I am a lifelong Pynchon fan
Unknown User
RAYGONNE at pacbell.net
Sat May 10 22:01:43 CDT 1997
Toby Levy wrote:
>
> Ray,
>
> At 08:17 PM 5/9/97 -0700, you wrote:
>
> >toby, youare a wonderful person. thank you so much for the post. i came
> >here to find, in part, people like you who respect good writing and who
> >wish to stay on top of current discussion. i first read crying, fell
> >absolutely in love (despite the reader-hostile play exegesis), and
> >recently i read v, which really sunk the hook. this guy is definitely
> >one of the greats, and i feel forunate to be a sentient adult at the
> >time of his new publication. i have often fantasized about what it must
> >have been like to read a long-awaited new pynchon novel, and here i am!
> >i must admit that i read roughly half of vineland and put it down in
> >disgust (diversion, diversion! not mine, his!); also, i have not read
> >more than 100 pages of GR, 'the big one,' though my experience with m&d
> >(400 pages) has motivated me to take it on. i look forward to your
> >contribution to this intriguing discussion.
>
> Thanks! The trick to Pynchon is in the re-reading.

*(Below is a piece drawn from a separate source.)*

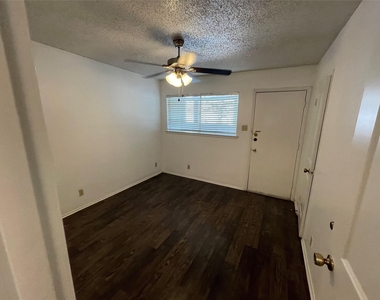 2801 Hemphill Park - Photo Thumbnail 3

I thought Vineland was
> just barely ok the first time I read it and then liked it alot more when I
> read it a second time a few years ago. I read Gravity's Rainbow rather
> quickly the first time through, not worrying about what I didnt understand,
> and then read it very slowly a second time and was awe-struck. And for
> years I re-read V every year, always finding something new and wonderful in
> it with each re-reading. This go-round though, I am breaking my own rule
> and reading M&D very slowly the first time through, looking everything up I
> can. Even so, I am looking forwad more to the re-reading than the reading.
>
> Toby
i've found so far that m&d is readable in a way that gr and v (to an
extent) are not. v took me a while to get used to, and i had to accept
that i would not catch everything the first time through. gr, on the
other hand, which i have not read through completely, seems to defy
thorough reading; it is a book to spend a lifetime considering. m&d is
more straightforward than anything outside of crying...49, which is in
itself a tough nut to crack, in terms of writerly intent (is it a joke?

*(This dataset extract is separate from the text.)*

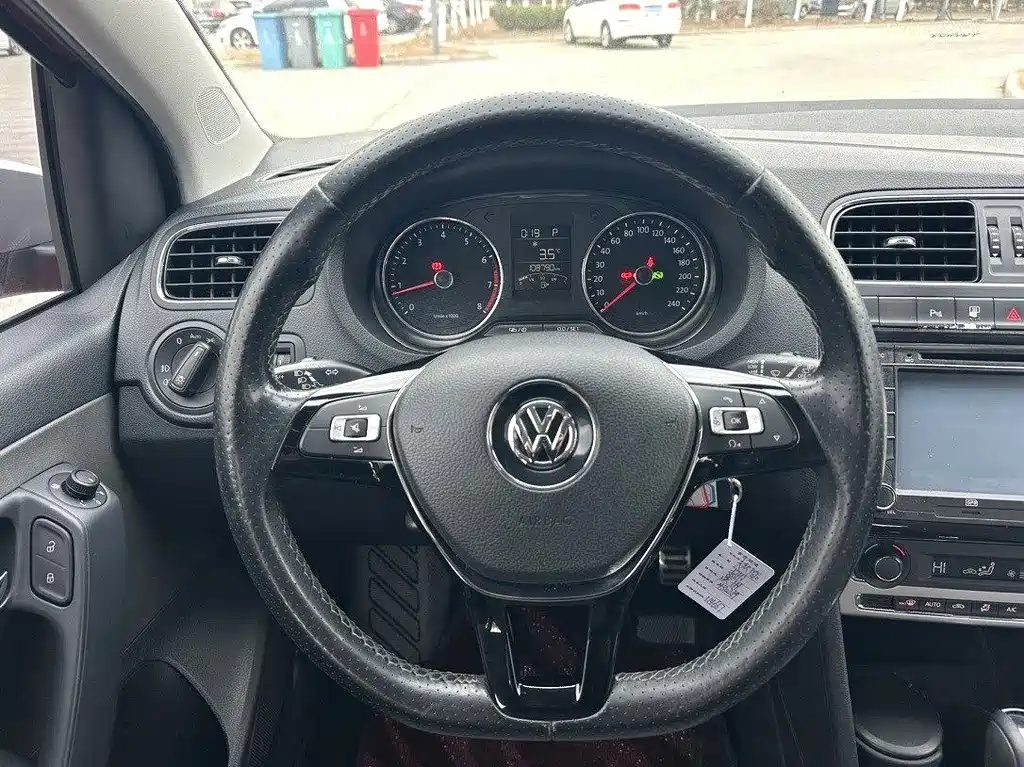 Volkswagen Polo — миниатюра 7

a throw-out). m&d, as i have expressed, does throw one for a few loops,
but for the most part seems reader friendly (which is not to say that a
difficult text, or one that one finds difficult, is de facto unfriendly
to the reader), if taken on its own terms ie one must get into the flow
and language of the thing. a challenge, for sure, as with all of
pynchon's work, though we are, i am sure, better for the exercise.